The composite dialogue process between New Delhi and Islamabad was initiated in 1997 in Male, a city of Maldives, when the then Prime Ministers of the neighbouring countries IK Gujral and Nawaz Sharif met on the sidelines of the SAARC Summit and agreed on the framework of a composite dialogue process (CDP). Agreeing to a simultaneous and composite approach, both sides identified eight areas for talks (a) Peace and security, including confidence-building measures (CBMs) (b) Jammu and Kashmir (c) Siachen (d) Wullar Barridge/Tulbul navigation project (e) Sir Creek (f) economic and commercial cooperation (g) terrorism and drug trafficking, and (h) promotion of people-to-people contact.

The process was, subverted with the Kargil war in 1999. Yet the two sides kept their back-channels alive.

Then came the parliament attack of December 13, 2001 which brought the Indian armed forces into a virtual eyeball-to-eyeball face off with the Pakistani armed forces.
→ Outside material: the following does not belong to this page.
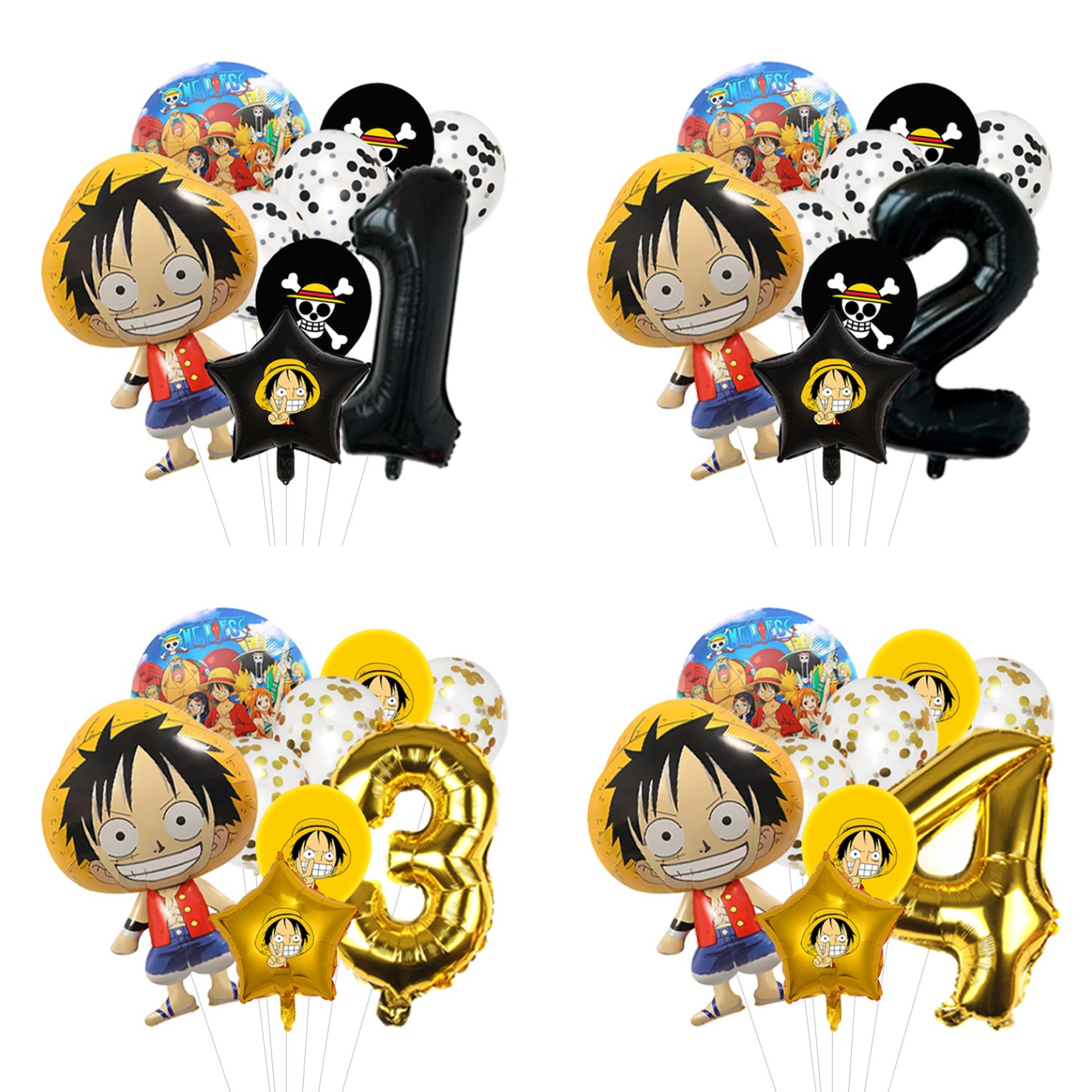 Model Kit One Piece Bandai - Kit Balon Ulang Tahun One Piece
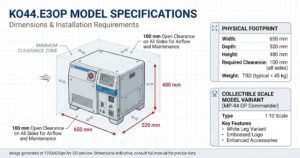 KO44.E3OP model size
Later the 9/11 attacks on the US changed the strategic environment in the region and both Pakistan and India joined the UN-backed and US-led ‘war against terror’ with a focus on the Afghan-Pakistan region.

It was on the occasion of the South Asian Free Media Association’s (SAFMA) second Indo-Pak Parliamentarian conference in August 2003 that General Musharraf responded positively to a joint parliamentarians’ appeal for the withdrawal of forces and ceasefire on LoC. He accordingly called for a ceasefire and troop withdrawal.
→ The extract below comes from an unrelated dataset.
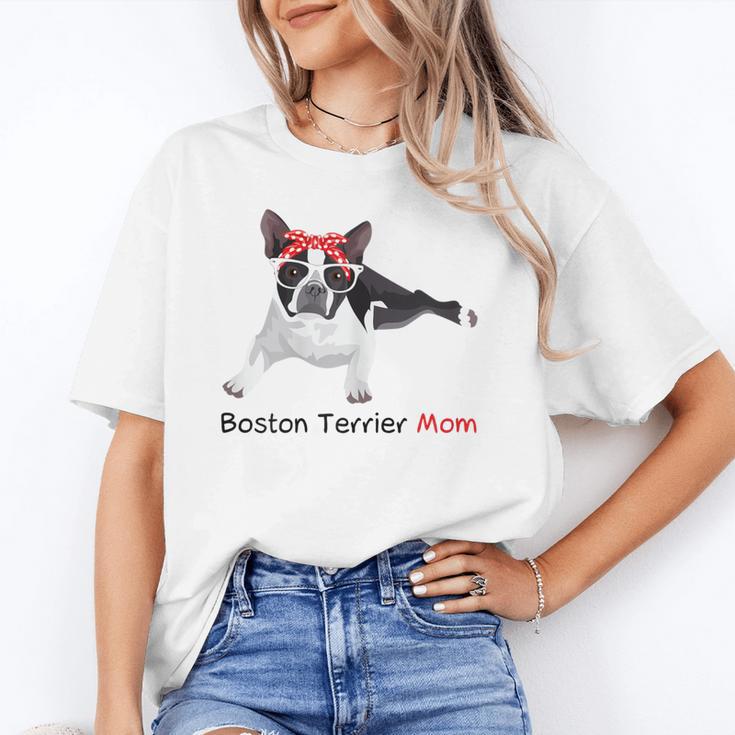 Boston Terrier Mom Bandana Boston Terrier Dog Unisex T-Shirt, Boston Terrier Mom Shirts, funny gift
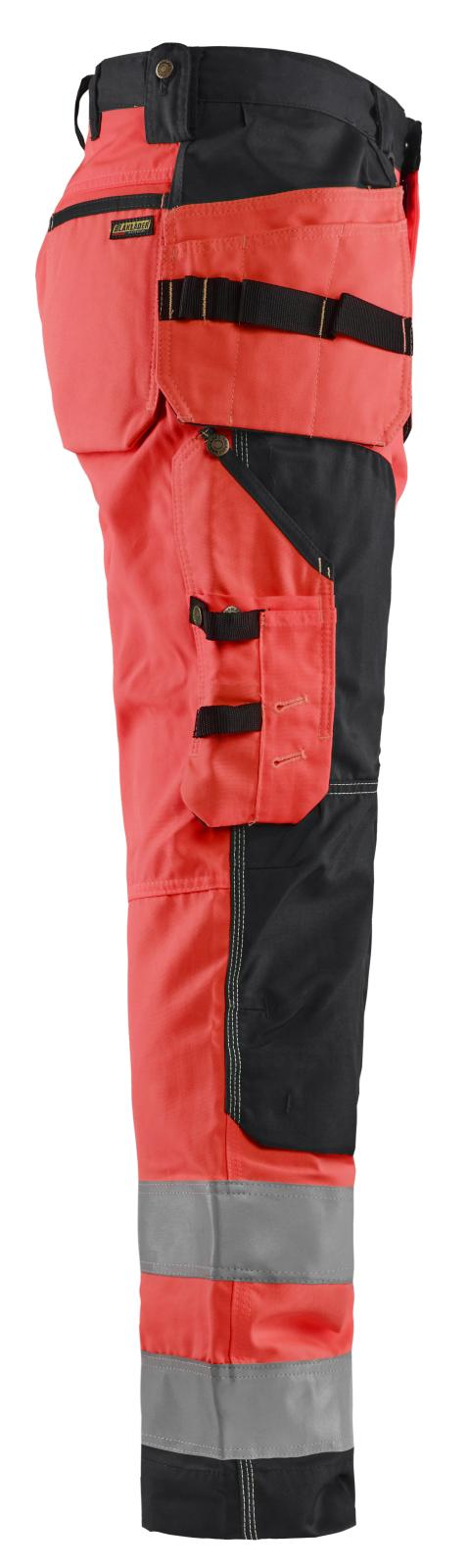 Blaklader Broeken 15681811 HiVis fluo rood-zwart(5599)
The 2008 elections in Pakistan brought into power President Asif Ali Zardari. But the Mumbai attacks then derailed the process for years and it got revived after a long time.

Earlier on 13 July, 1999 a DIG level officer and four personnel were killed in a militant attack on Border Security Force’s sector headquarters in Bandipora.
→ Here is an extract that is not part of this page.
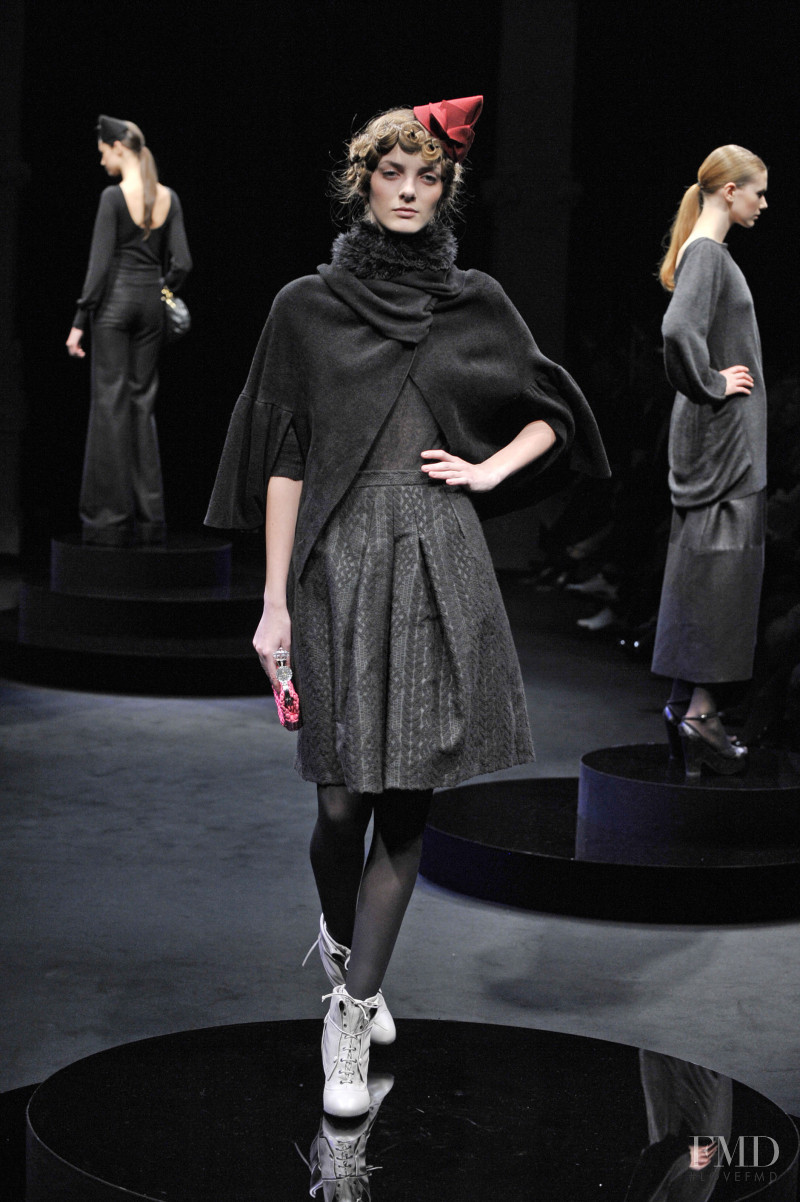 Denisa Dvorakova featured in  the Anteprima fashion show for Autumn/Winter 2008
On November 3, 1999 ten army personnel got killed in a fidayeen attack on 15 Corps Headquarters at Srinagar’s Badami Bagh and on July 22, 2003, a three-member fidayeen squad stormed an army camp killing eight personnel, including a Brigadier, and injuring 12 others, including four top Generals, a Brigadier and two Colonels at village Bangti on the Tanda road in Akhnoor.

On April 6 , 2005, a day before the bus from Srinagar to Muzaffarabad was to be flagged off, two suicide squad militants attacked the Tourist Reception Centre Srinagar.

October 5, 2006 witnessed 10 fatalities – five JKP personnel, two CRPF men, two militants and one civilian – in an attack at Budshah Chowk, in the heart of Srinagar.

More recently on March 13, 2013, an attack on CRPF camp in Srinagar resulted in the killing of five personnel. On  June 24, 2013, Eight army men were killed in a deadly attack of militants at Hyderpora, Srinagar.

Prime Minister Manmohan Singh is not by definition, a tough talker. But he will probably deploy his legendary silence as an effective weapon of toughness when he will be meeting his Pakistani counterpart on September 30 in US. Because it has been a long practice on the part of India that it always alleges Pakistan of managing such militant attacks.

Yet, two more daring militant attacks in Hiranagar and Samba by militants have left 13 dead and several injured, is a reason enough for even a soft spoken Manmohan to show some aggression.